13. The cable according to claim 12, further comprising a first sound output unit provided in the first connector unit, wherein in a case in which the second connector unit is connected to the device and the first operation detection unit has detected an operation, the first sound output unit outputs a sound for guiding the first connector unit to a connection part.

14. The cable according to claim 12, further comprising a first sound output unit provided in the first connector unit, wherein the first sound output unit outputs a third sound in a case in which the first connector unit comes closer to another connection part than to a target connection part.

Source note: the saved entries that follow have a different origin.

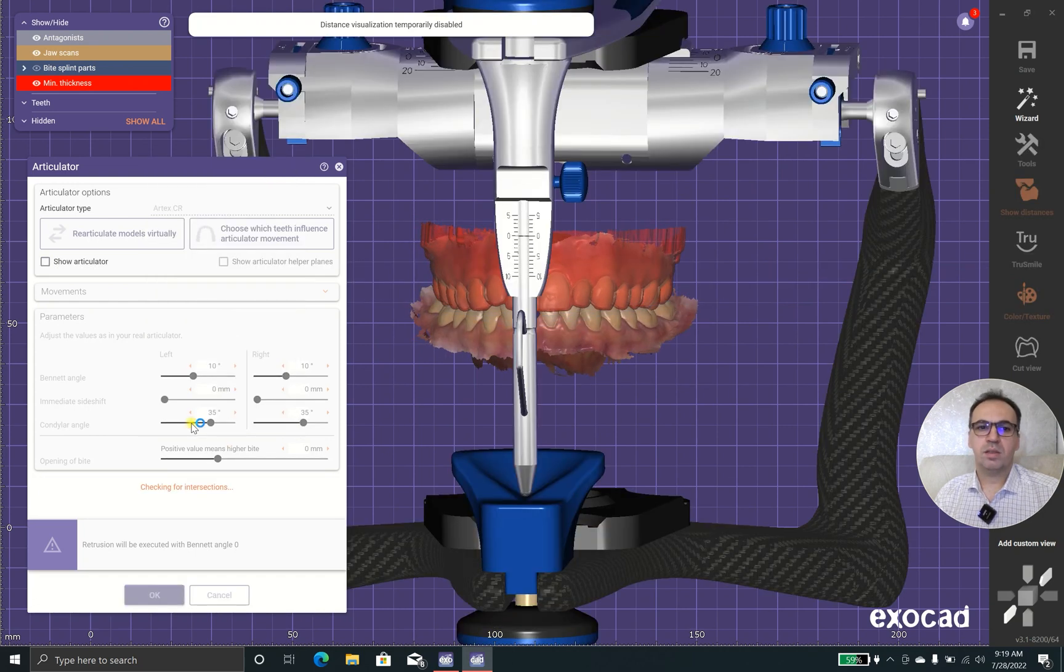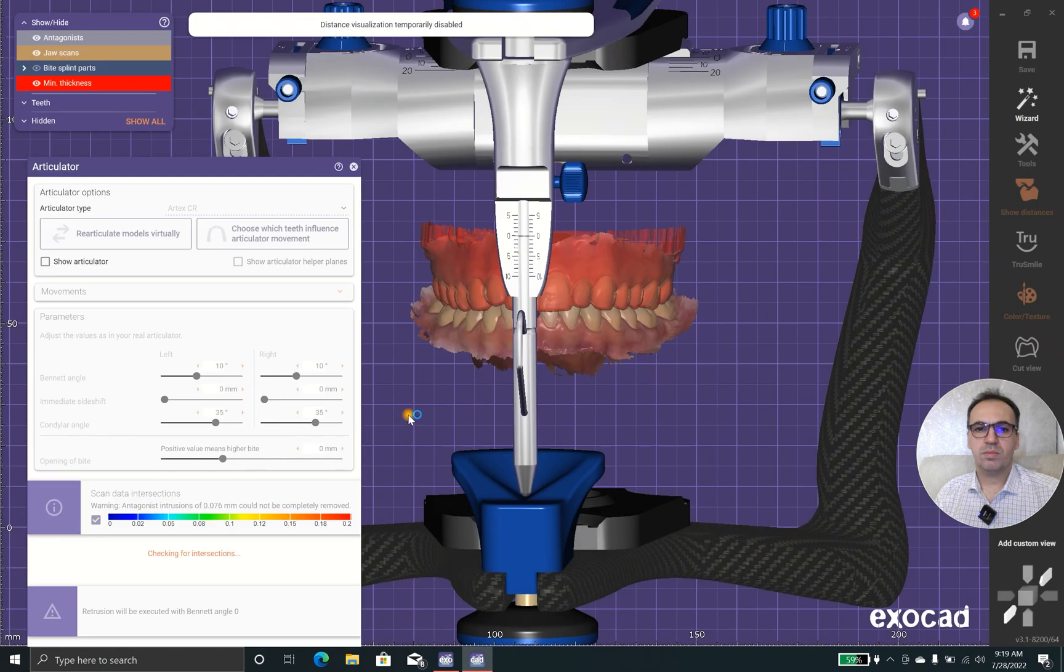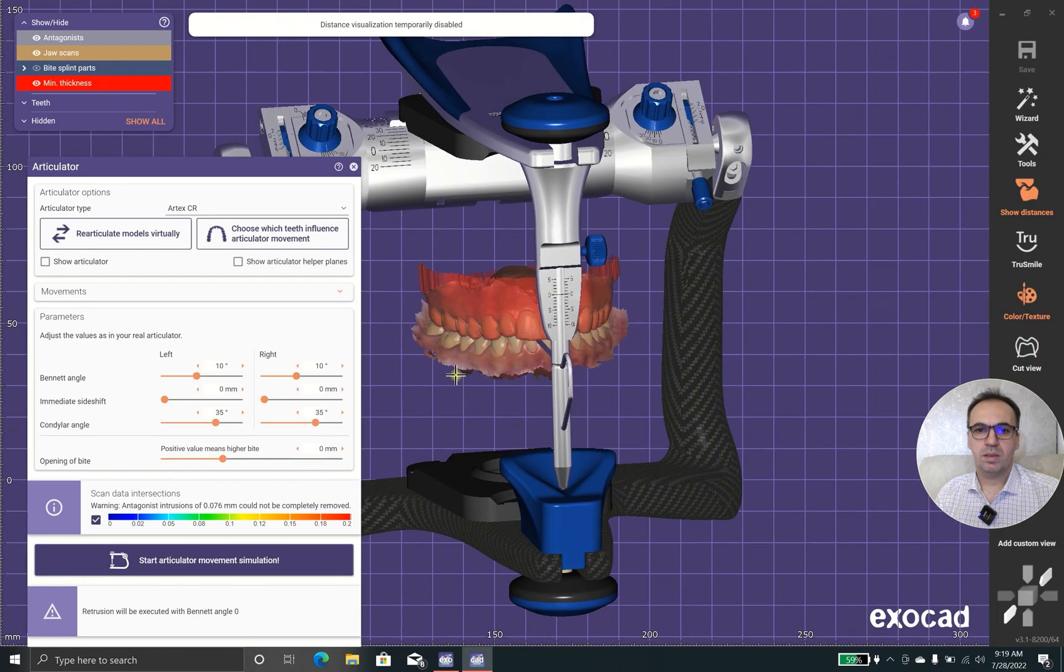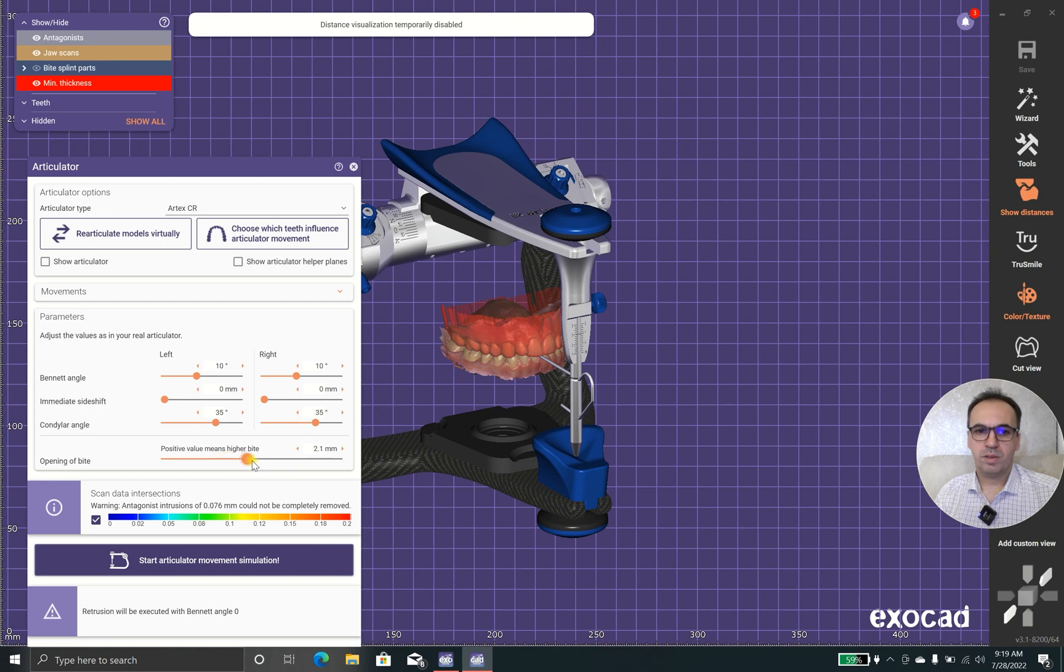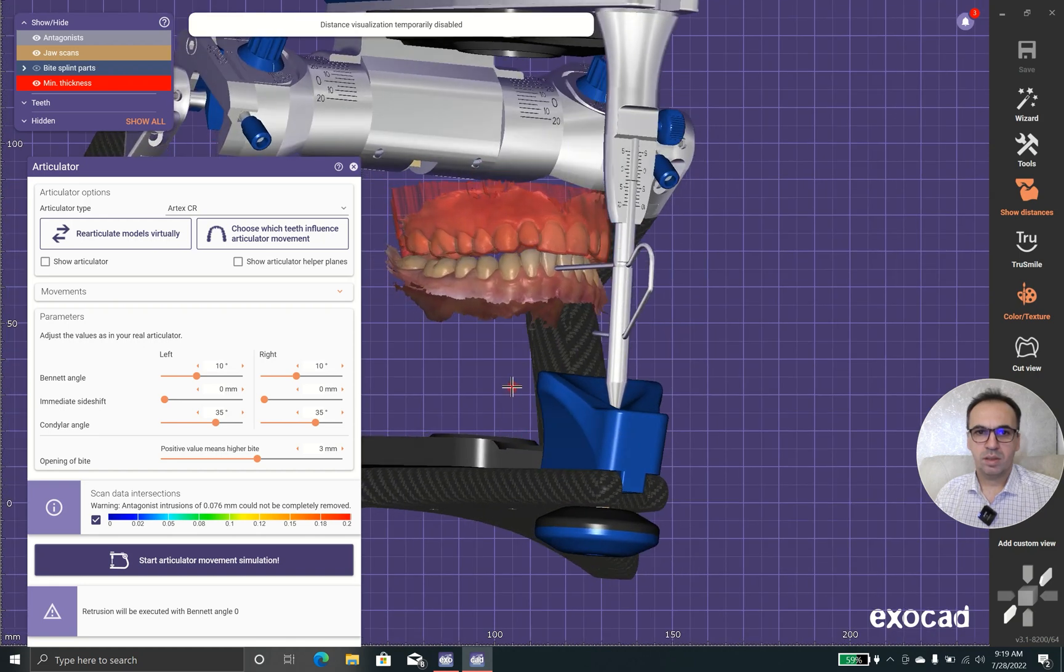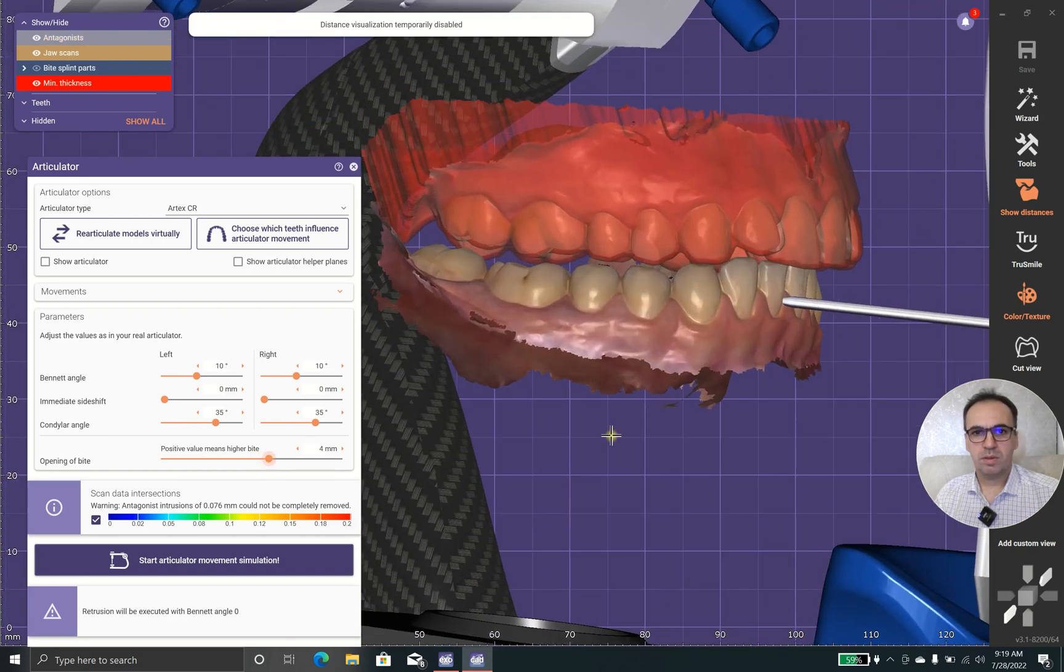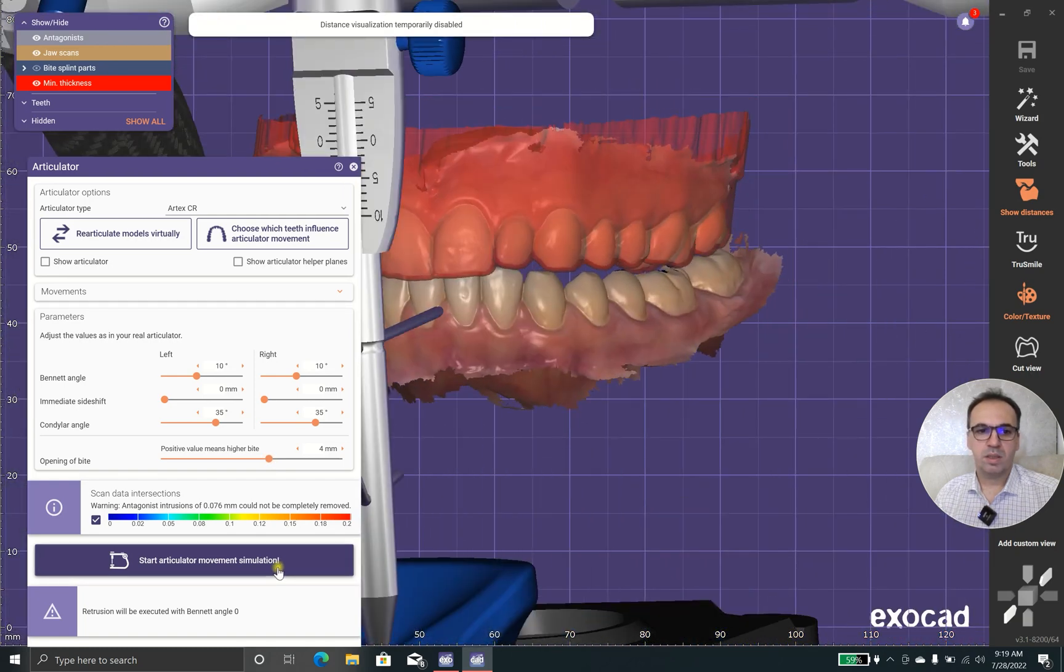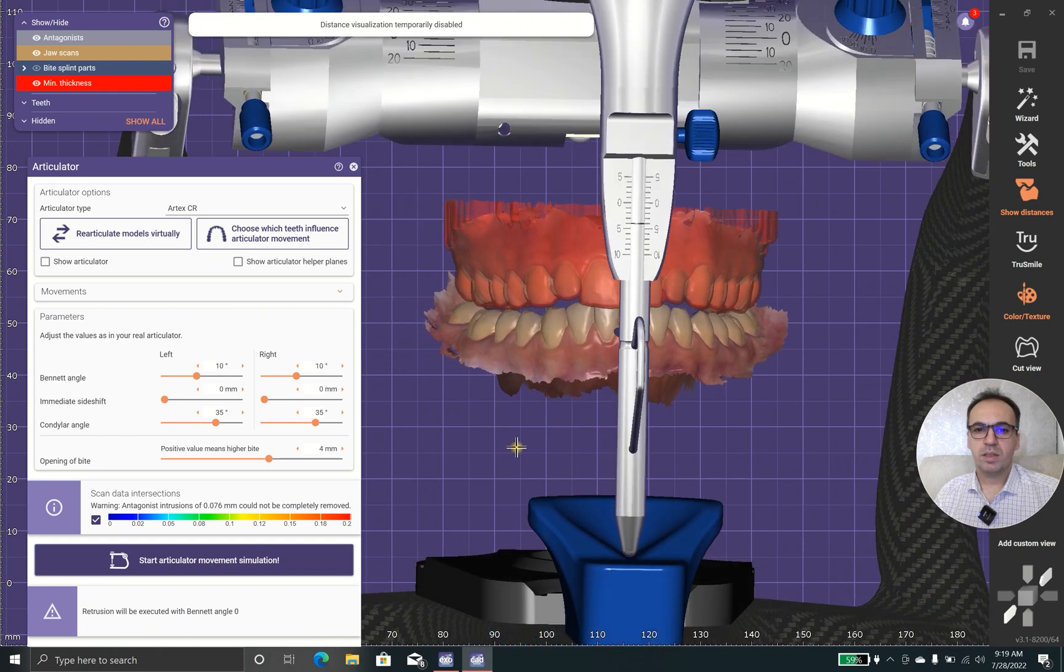Rather than modifying scan data, I'll open the articulator. I prefer to open the articulator by three or maybe four millimeters, because I don't want the distal test to get moved.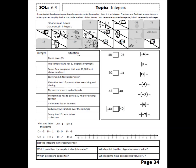Let's look at our situations next. If Diego owes $5, the word 'owes' is a negative term, so this is represented by negative 5. Temperature fell 12 degrees overnight — that negative word makes negative 12. Sarah flew in a plane 30,000 feet above sea level — that positive word gives us positive 30,000. Joey swam 6 feet under water — that negative situation equals negative 6. Valentina lost 10 pounds after exercising and dieting — 'lost' makes that negative 10. You should pause and try the rest of this section on your own.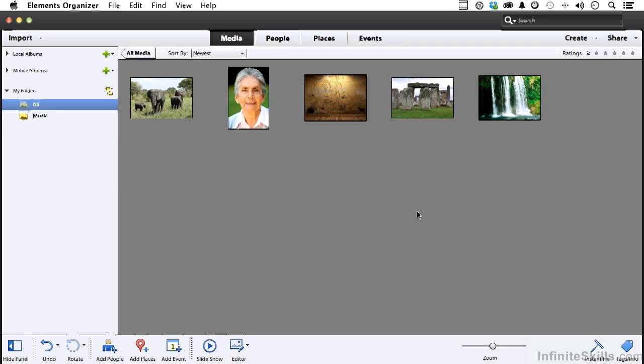Greetings everyone to a new chapter, and in this chapter, we're going to concentrate on what I consider to be a really important part of Photoshop Elements, and that's the Organizer. Excellent program.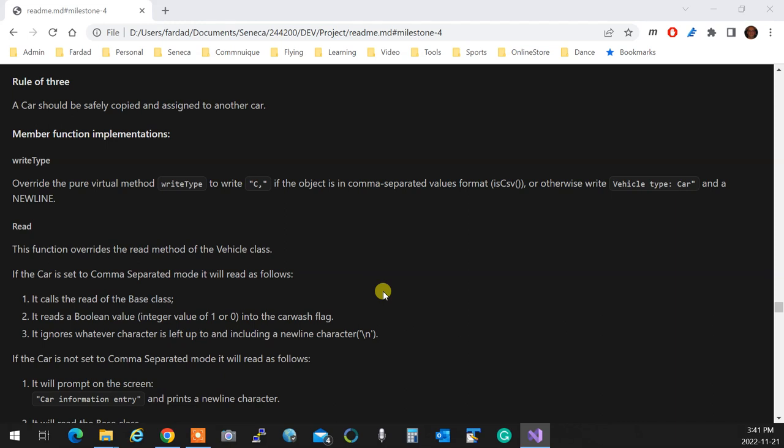So we had a pure virtual function called write type, okay? Now, write type for car is implemented and it prints C, that's it, okay? That's all it does, okay? So when it's called, it receives an iStream and returns, so all those things are done, but it prints a C comma. That's what write type is.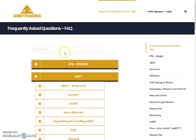Hello friends, welcome to my YouTube channel Earth Coin Reviews. Today I am here with one more video on arbitraging, and the topic of today's video is frequently asked questions. This is part two of my previous video, which I was making on the topic of security.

15. The cable according to claim 12, further comprising a first sound output unit provided in the first connector unit, wherein the first sound output unit outputs a second sound in a case in which the first connector unit is connected to a target connection part.

16. The cable according to claim 11, wherein the notification unit performs a notification in a case in which the first connector unit is connected to the device and the first light receiving unit receives light.

17. The cable according to claim 1, wherein

the notification unit is a notification light emitting unit, and

the notification is performed using light emission of the notification light emitting unit.

18. The cable according to claim 1, wherein

the notification unit has a sound output unit, and

the notification is performed using a sound output generated by the sound output unit.

19. A notification method comprising, in a cable including: a first connector unit; a second connector unit; a transmission line that has one end connected to the first connector unit and the other end connected to the second connector unit; a control unit that detects connection states of the first connector unit and the second connector unit; and an operation detection unit that detects an operation on any one connector unit of the first connector unit and the second connector unit, performing a notification in accordance with a connection state of the other connector unit in accordance with detection results of the operation detection unit.